SECTION 2.03 No Further Rights in Units. The Company Series A Preferred Units, Company Series B Preferred Units and Company Common Units into which the outstanding Partnership Interests represented by Series A Preferred Units, Series B Preferred Units, Common Units and the General Partner Interest, as applicable, shall have been converted as a result of the Conversion in accordance with the terms hereof shall be deemed to have been issued in full satisfaction of all rights pertaining to such Partnership Interests. Immediately following the Effective Time, the Series A Preferred Units, Series B Preferred Units, Common Units and General Partner Interests of the Partnership shall cease to exist, and the holder of any such securities immediately prior to the Effective Time shall cease to have any rights with respect thereto.

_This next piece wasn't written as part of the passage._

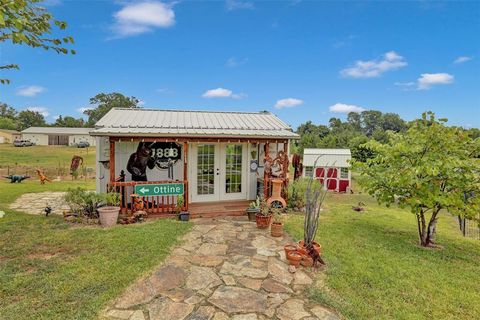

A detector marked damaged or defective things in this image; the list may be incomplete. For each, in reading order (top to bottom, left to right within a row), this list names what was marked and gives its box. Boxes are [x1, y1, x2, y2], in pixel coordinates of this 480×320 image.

rusted metal sculpture [127, 142, 156, 180]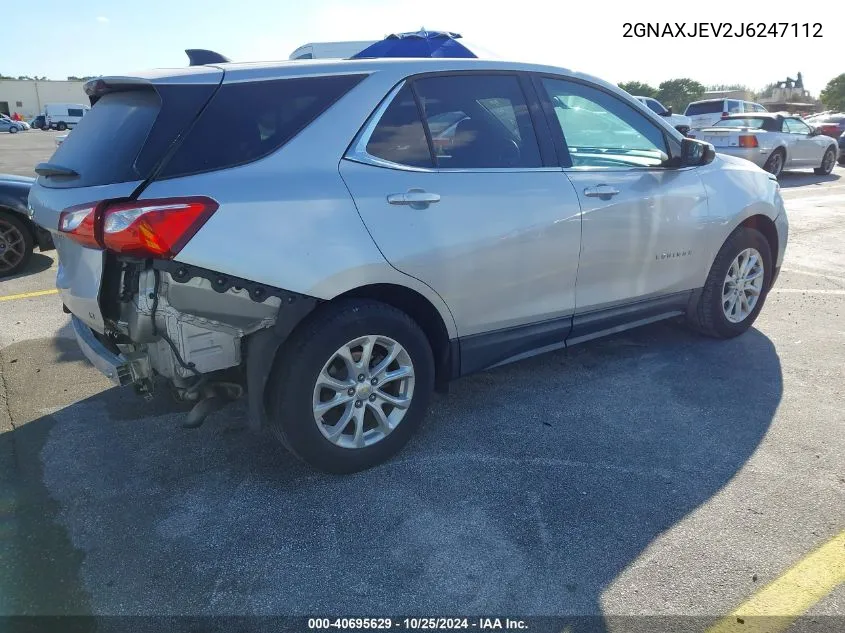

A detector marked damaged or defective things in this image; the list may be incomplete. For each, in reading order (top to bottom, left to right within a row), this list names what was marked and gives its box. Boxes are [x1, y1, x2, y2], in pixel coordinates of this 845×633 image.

damaged rear bumper area [71, 260, 316, 428]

SECTION 2.04 Transfer Books. At the Effective Time, there shall be no further registration of transfers on the transfer books of the Partnership of any securities that were outstanding immediately prior to the Effective Time.
ARTICLE III
MISCELLANEOUS
SECTION 3.01 Licenses, Permits, Titled Property, Etc. As applicable, following the Effective Time, to the extent required, the Company shall apply for new U.S. and foreign tax identification numbers, qualifications to conduct business (including as a foreign entity), licenses, permits and similar authorizations on its behalf and in its own name in connection with the Conversion and to reflect the fact that it is a limited liability company. As required or appropriate, following the Effective Time, all real, personal and intangible property of the Partnership which was titled or registered in the name of the Partnership shall be re-titled or re-registered, as applicable, in the name of the Company by appropriate filings and/or notices to the appropriate parties (including, without limitation, any applicable governmental agencies).

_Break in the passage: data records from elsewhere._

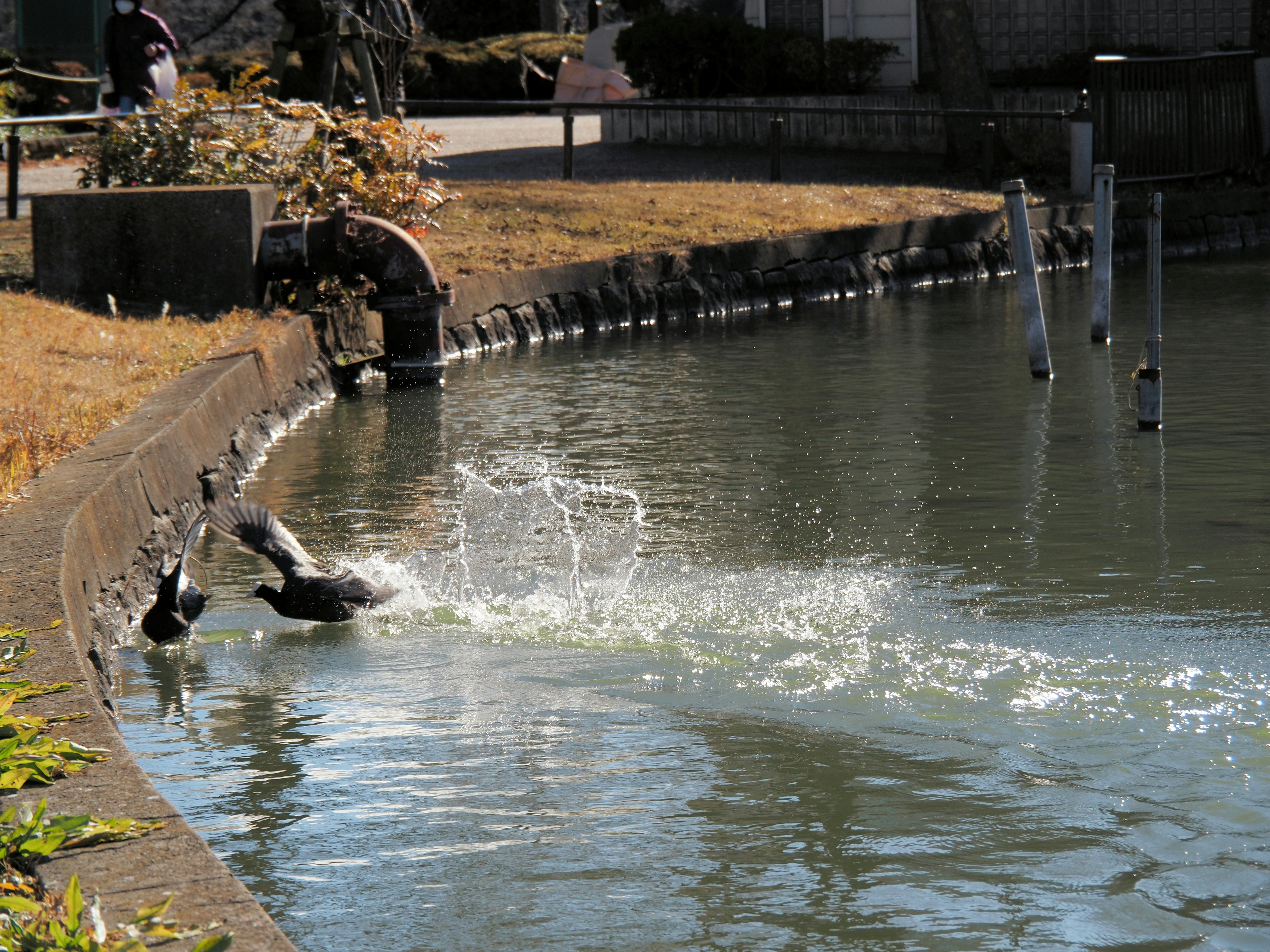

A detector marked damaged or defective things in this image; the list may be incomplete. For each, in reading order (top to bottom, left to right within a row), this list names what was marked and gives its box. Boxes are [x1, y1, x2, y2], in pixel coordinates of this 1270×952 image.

rusty metal pipe [256, 206, 452, 388]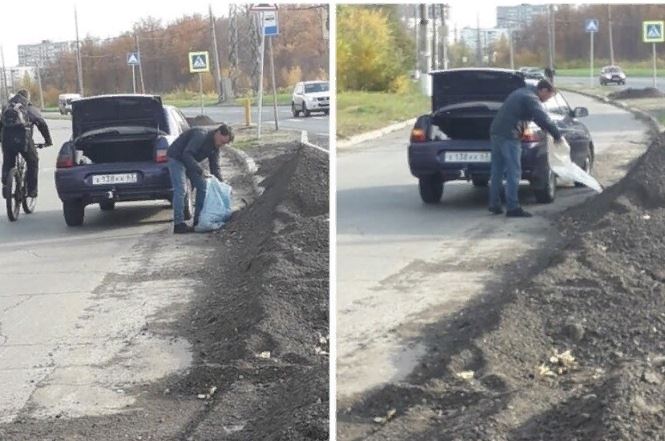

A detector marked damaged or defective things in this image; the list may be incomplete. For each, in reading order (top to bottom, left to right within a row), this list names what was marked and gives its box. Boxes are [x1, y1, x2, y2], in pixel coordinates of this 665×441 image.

damaged asphalt road [0, 119, 328, 436]
damaged asphalt road [338, 91, 652, 438]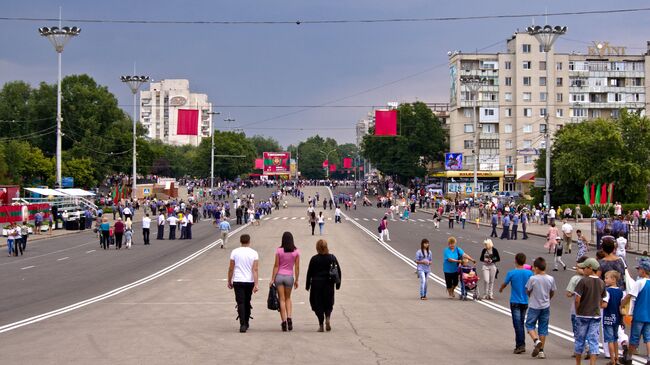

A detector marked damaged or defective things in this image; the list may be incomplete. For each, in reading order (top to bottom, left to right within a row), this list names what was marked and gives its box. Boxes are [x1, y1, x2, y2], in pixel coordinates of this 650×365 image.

SECTION 3.02 Further Assurances. If, at any time after the Effective Time, the Company shall determine or be advised that any deeds, bills of sale, assignments, agreements, documents or assurances or any other acts or things are necessary, desirable or proper, consistent with the terms of this Plan, (a) to vest, perfect or confirm, of record or otherwise, in the Company its right, title or interest in, to or under any of the rights, privileges, immunities, powers, purposes, franchises, properties or assets of the Partnership, or (b) to otherwise carry out the purposes of this Plan, the Company and its proper officers and directors (or their designees) are hereby authorized to solicit in the name of the Company or the Partnership any third party consents or other documents required to be delivered by any third party, to execute and deliver, in the name and on behalf of the Company or the Partnership, all such deeds, bills of sale, assignments, agreements, documents and assurances and do, in the name and on behalf of the Company or the Partnership, all such other acts and things necessary, desirable or proper to vest, perfect or confirm its right, title or interest in, to or under any of the rights, privileges, immunities, powers, purposes, franchises, properties or assets of the Company or the Partnership and otherwise to carry out the purposes of this Plan.

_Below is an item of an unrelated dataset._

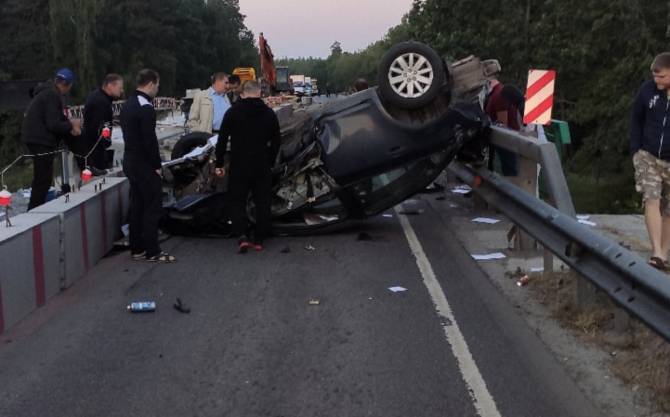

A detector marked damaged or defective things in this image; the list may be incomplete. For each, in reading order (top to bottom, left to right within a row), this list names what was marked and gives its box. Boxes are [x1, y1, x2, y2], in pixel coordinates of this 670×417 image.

overturned car [160, 43, 490, 236]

SECTION 3.03 Implementation and Interpretation; Termination and Amendment. This Plan shall be implemented and interpreted, prior to the Effective Time, by the General Partner and, following the Effective Time, by the Board, (a) each of which shall have full power and authority to delegate and assign any matters covered hereunder to any other party(ies), including, without limitation, any directors of the general partner of the Partnership or any directors or officers of the Company, as the case may be, and (b) the interpretations and decisions of which shall be final, binding, and conclusive on all parties. The General Partner at any time prior to the Effective Time may terminate, amend or modify this Plan. Upon such termination of this Plan, if the Certificate of Conversion and the Certificate of Formation have been filed with the Registrar of Corporations of the Republic of the Marshall Islands, but have not become effective, any person or entity that was authorized to execute, deliver and file such certificates may execute, deliver and file a Certificate of Termination (or equivalent document or certificate) of such certificates.